● Assignment
Please print every record below exactly as it appears, but leave out the pictures.

[Data excerpts]

________________

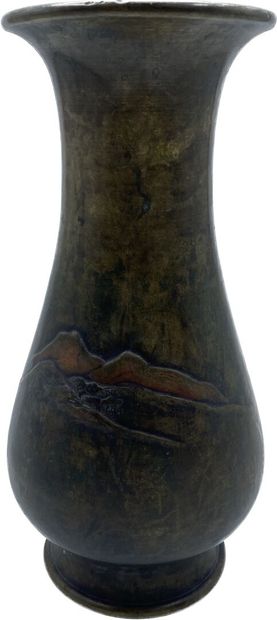 null JAPON
Vase de forme balustre en bronze à patine brune à décor en bas-relief...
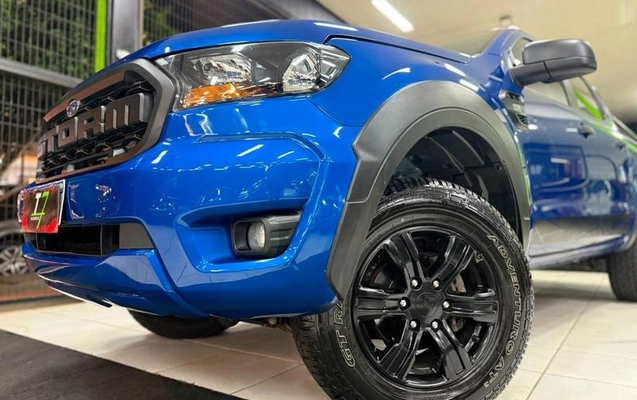 imagem-https://www.socarrao.com.br/sc-vehicle-images-prod/1976714/1788623323266-8035663_13_B_79d9178ffb.jpeg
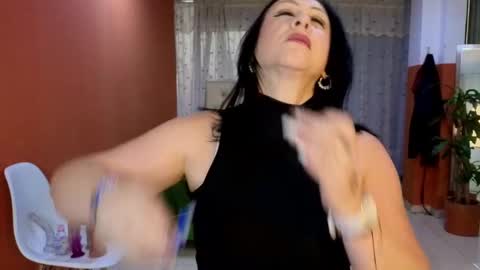 Snapshot of camil_milfdream chatting on 10/06/25, 10:45 Camil online show from 10/06/25, 10:45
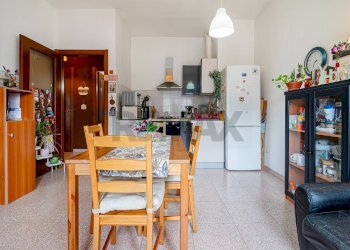 Sala da pranzo - Two-room apartment Via Cardinal Ferrari
 
56, Rho - photo 13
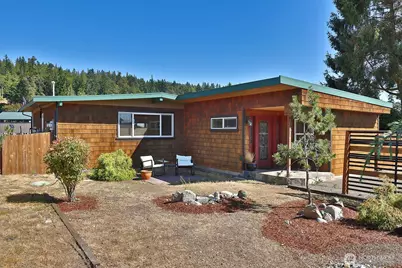 8121 Sandy Hook Terrace, Clinton, WA 98236 - Photo 1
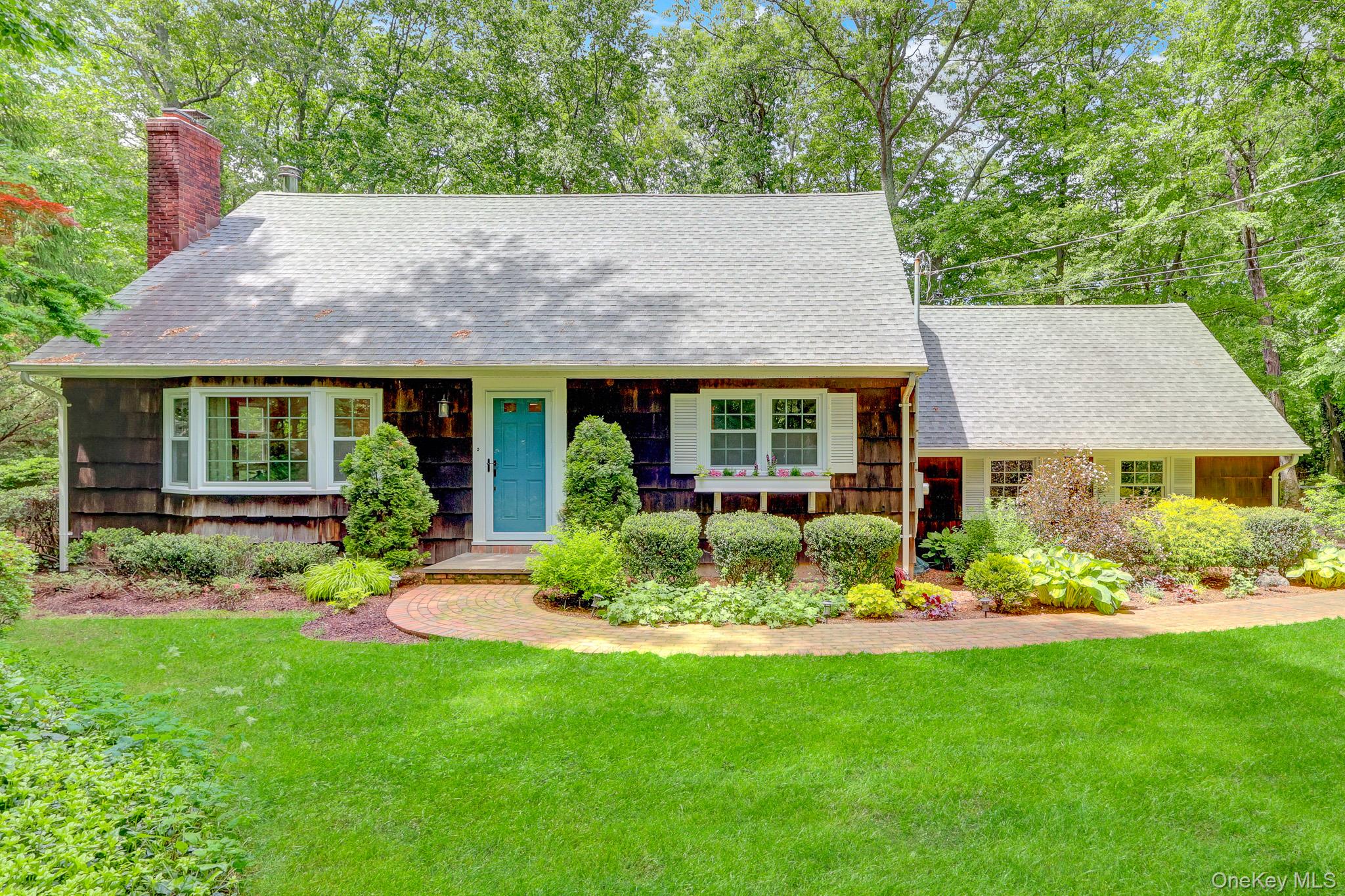 16 Maplewood Drive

________________

● Response to the task
 null JAPON
Vase de forme balustre en bronze à patine brune à décor en bas-relief...
 imagem-https://www.socarrao.com.br/sc-vehicle-images-prod/1976714/1788623323266-8035663_13_B_79d9178ffb.jpeg
 Snapshot of camil_milfdream chatting on 10/06/25, 10:45 Camil online show from 10/06/25, 10:45
 Sala da pranzo - Two-room apartment Via Cardinal Ferrari
 
56, Rho - photo 13
 8121 Sandy Hook Terrace, Clinton, WA 98236 - Photo 1
 16 Maplewood Drive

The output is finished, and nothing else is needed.